§ Goal of the exercise: Below are records with pictures in them. Output exactly the lines from the one with "Pretty Love Vibrating" through the one with "Men’s Retro Punk", both included, and leave every picture out; give only those lines.

Captioned web images
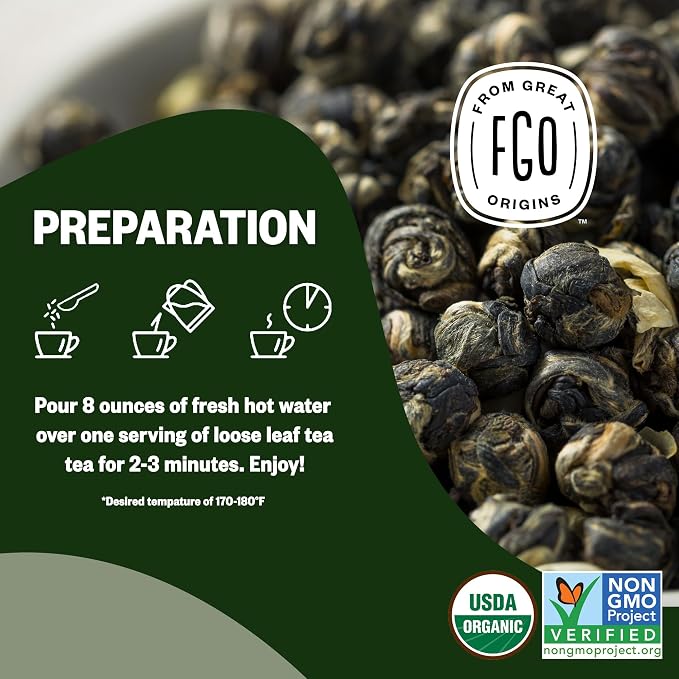 FGO Organic Gunpowder Green Tea, Loose Leaf, 453g Bulk Resealable Bag, Packaging May Vary (Pack of 1)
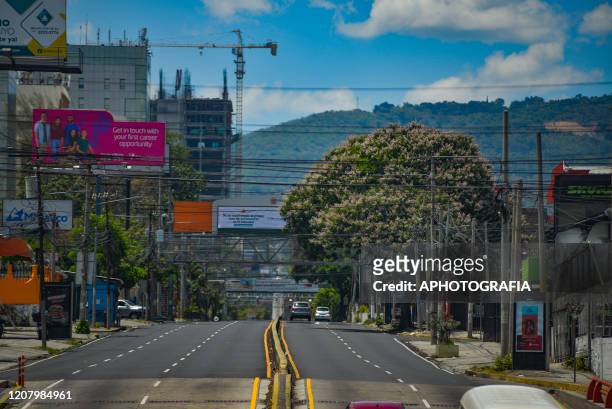 View of an empty street during curfew on March 22, 2020 in San Salvador, El Salvador. Three cases of COVID-19 has been confirmed in El Salvador and...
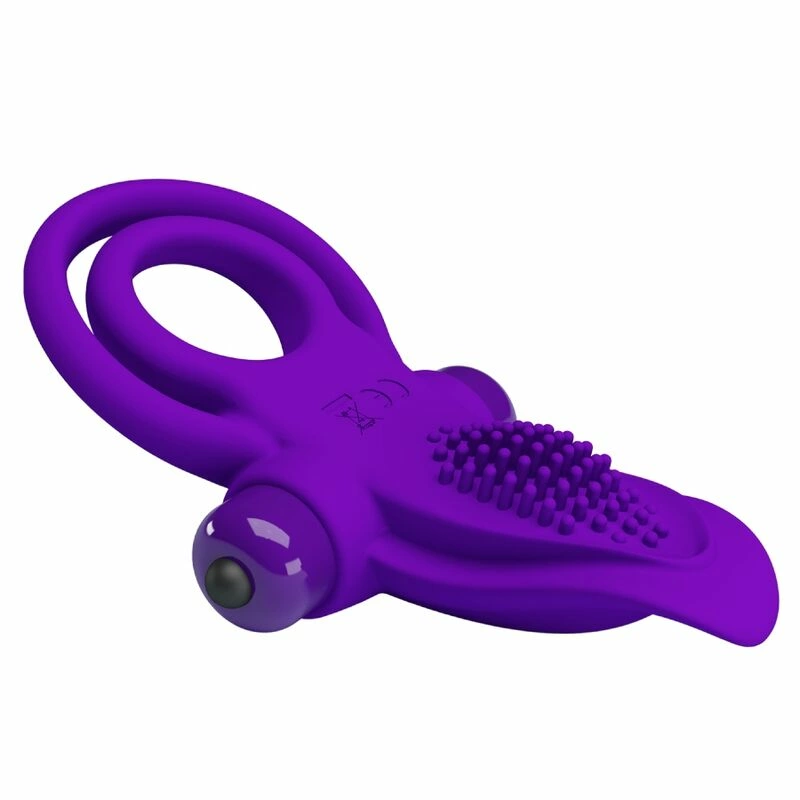 Pretty Love Vibrating Silicone Ring Dark Purple 10 Modes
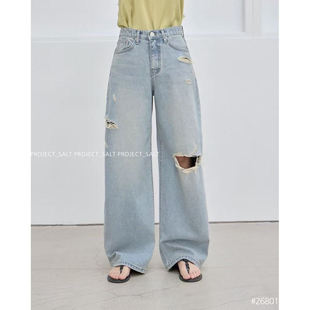 S做旧口袋破口显瘦牛仔裤 PROJECT 26801 新款 韩国东大门2026春季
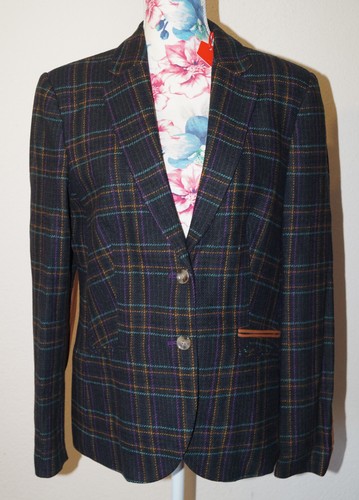 Schwarzer karierter wollblazer - schwarzer,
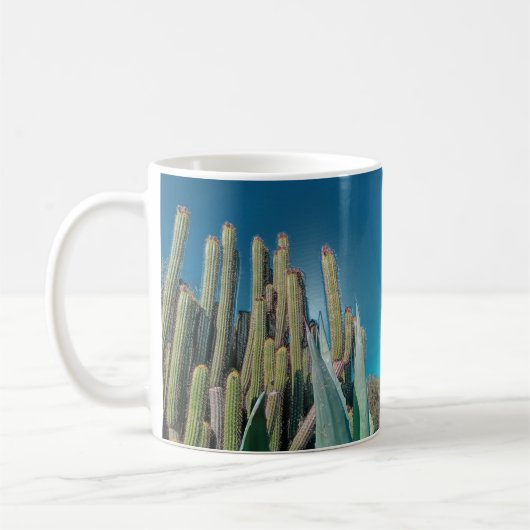 アフリカ砂漠のサボテンの植物とげのある梨 コーヒーマグカップ (左)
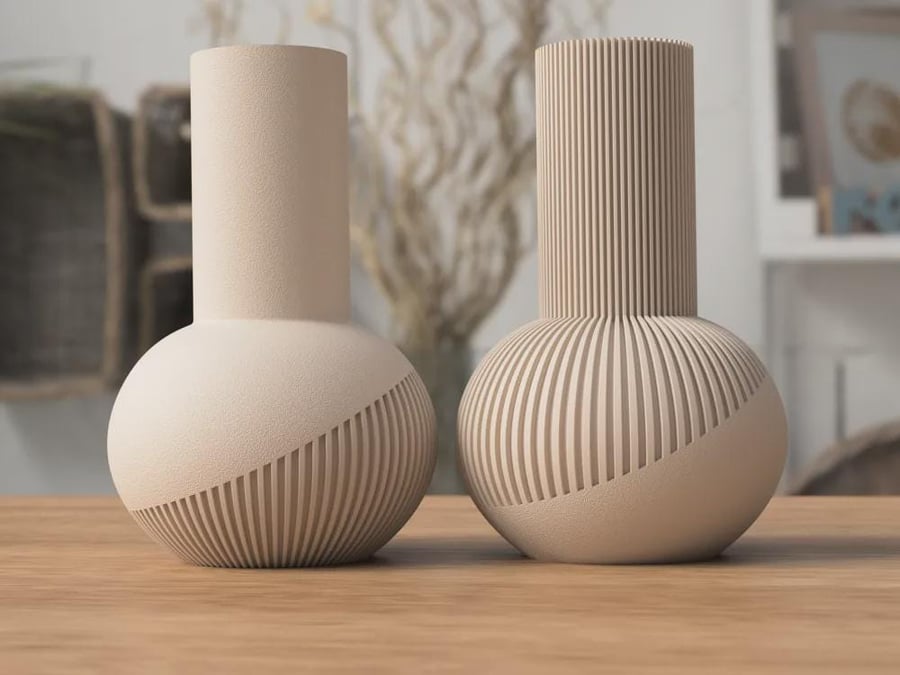 Tama Japandi Vase Modern Ribbed Minimalist Decor
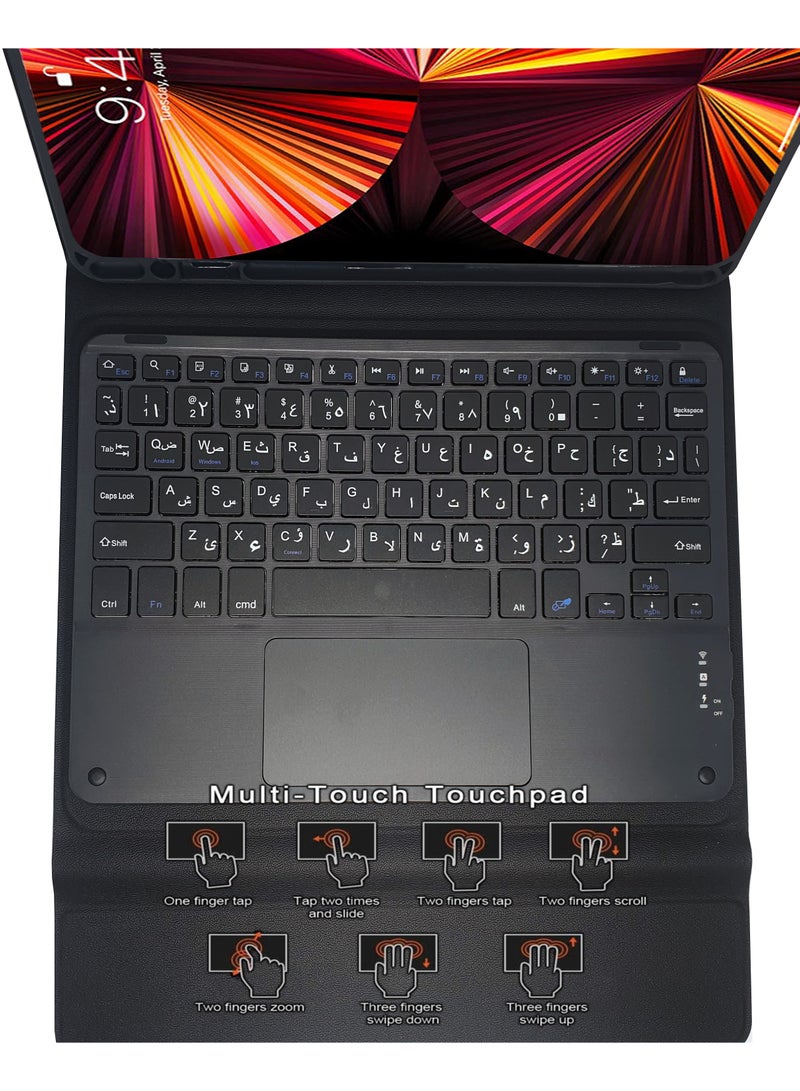منطقة الخدمة حافظة لوحة مفاتيح لاسلكية مع لوحة لمس لجهاز Apple iPad (الجيل التاسع) 2021 حافظة رفيعة محمية بذكاء - Image 2
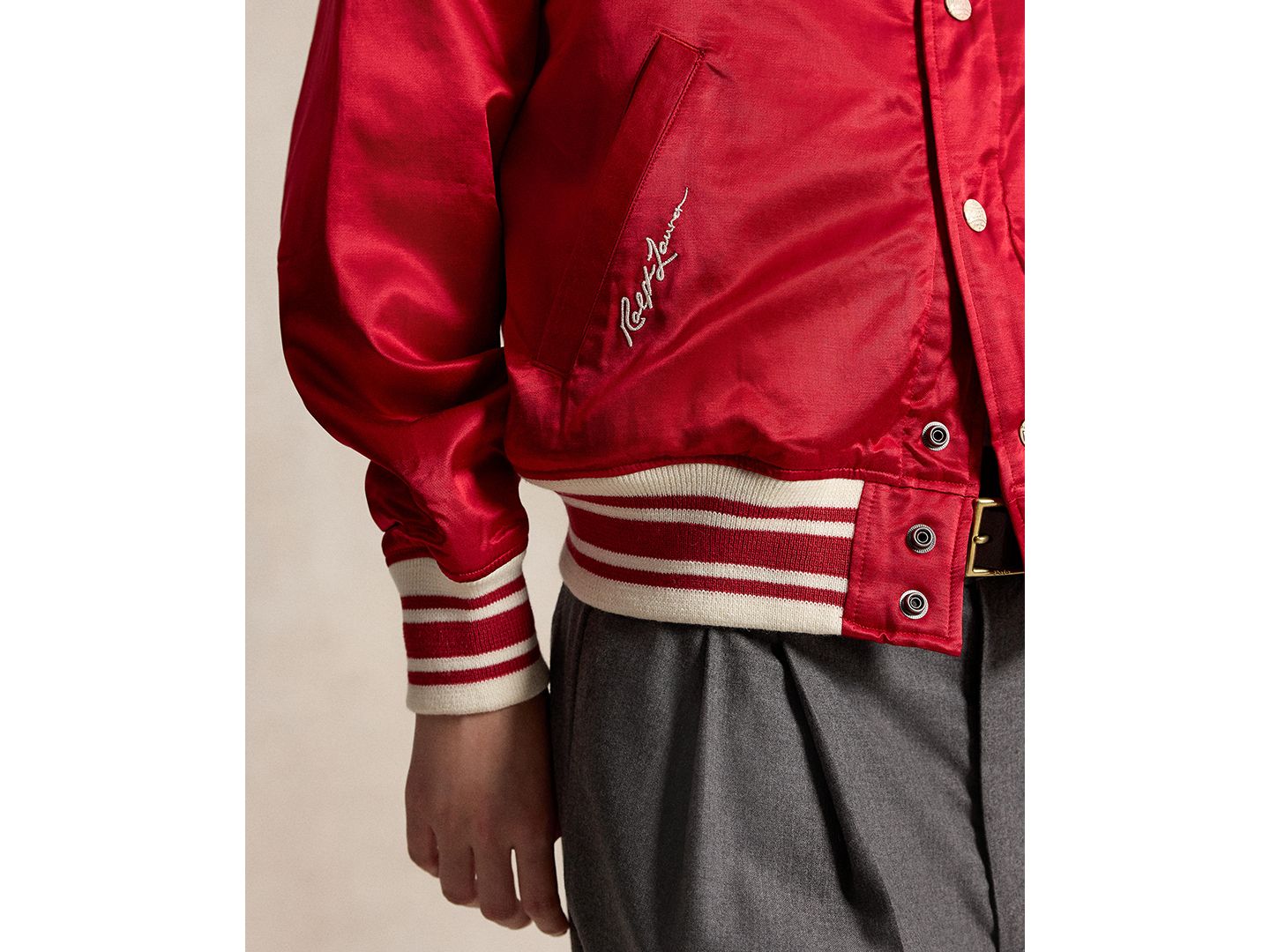 Мужская куртка Polo Ralph Lauren Phillies Striped Baseball, цвет: Красный — фото 5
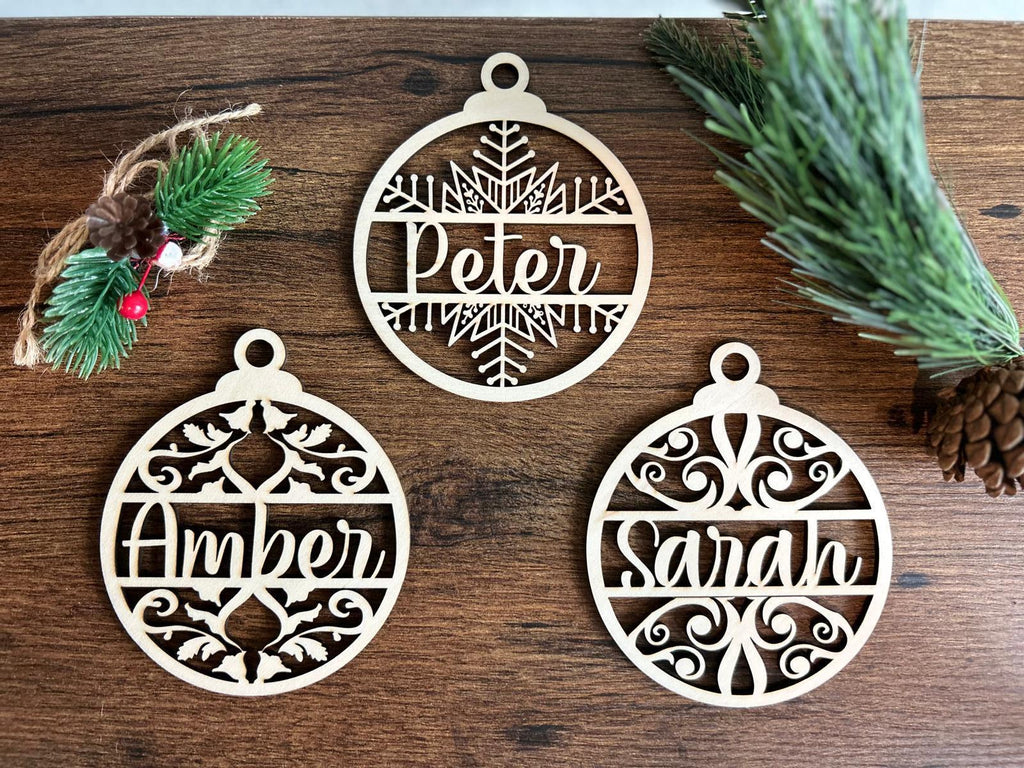Custom Name Christmas Wood Ornament, Personalized Name Ornament, Christmas Wood Ornament, Family Christmas Tree Decor, Christmas Gifts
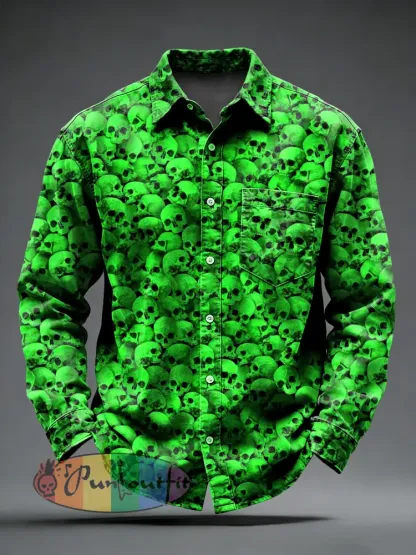 Men’s Retro Punk Psychedelic Skull Printed Long Sleeved Pocket Shirt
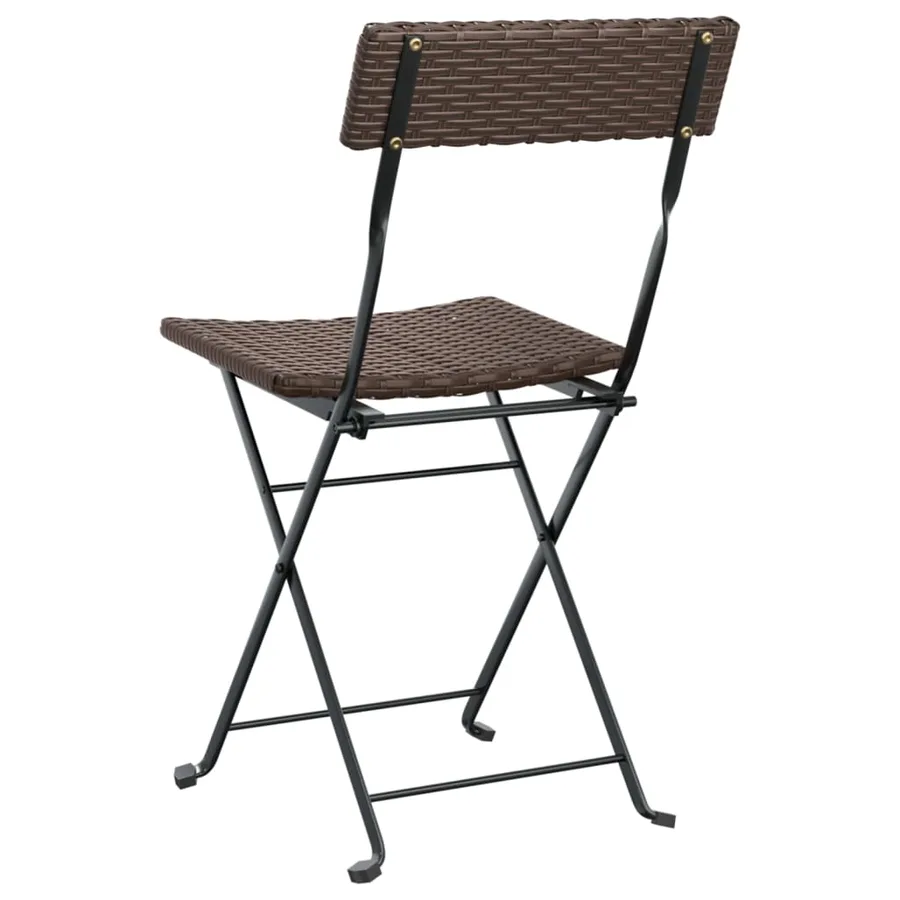 Chaises de bistrot pliantes lot de 4 Résine tressée et acier - 7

§ Task result:
 Pretty Love Vibrating Silicone Ring Dark Purple 10 Modes
 S做旧口袋破口显瘦牛仔裤 PROJECT 26801 新款 韩国东大门2026春季
 Schwarzer karierter wollblazer - schwarzer,
 アフリカ砂漠のサボテンの植物とげのある梨 コーヒーマグカップ (左)
 Tama Japandi Vase Modern Ribbed Minimalist Decor
منطقة الخدمة حافظة لوحة مفاتيح لاسلكية مع لوحة لمس لجهاز Apple iPad (الجيل التاسع) 2021 حافظة رفيعة محمية بذكاء - Image 2
 Мужская куртка Polo Ralph Lauren Phillies Striped Baseball, цвет: Красный — фото 5
Custom Name Christmas Wood Ornament, Personalized Name Ornament, Christmas Wood Ornament, Family Christmas Tree Decor, Christmas Gifts
 Men’s Retro Punk Psychedelic Skull Printed Long Sleeved Pocket Shirt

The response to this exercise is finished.